Provided entries →
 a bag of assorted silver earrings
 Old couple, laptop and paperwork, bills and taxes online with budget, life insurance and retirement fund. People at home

---

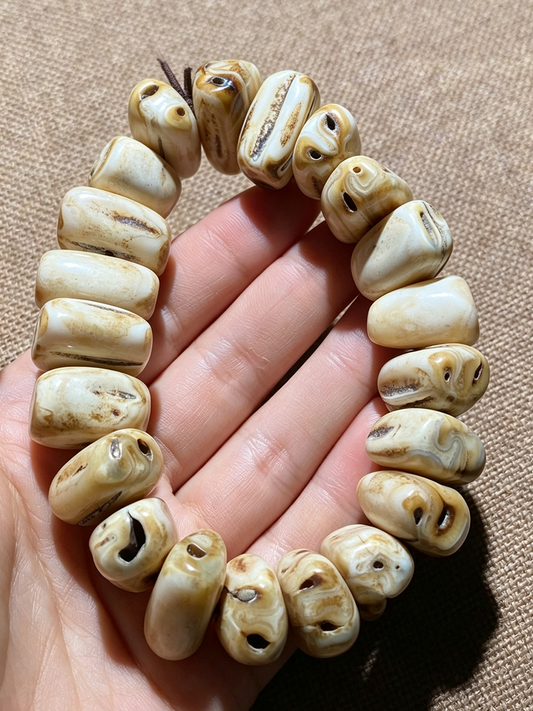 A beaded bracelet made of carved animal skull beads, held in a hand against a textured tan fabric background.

Your instructions → Your answer should be the lines of the listing above between the line holding "a bag of assorted silver earrings" and the line holding "Old couple, laptop", inclusive, restated word for word and alone.

Output below →
 a bag of assorted silver earrings
 Old couple, laptop and paperwork, bills and taxes online with budget, life insurance and retirement fund. People at home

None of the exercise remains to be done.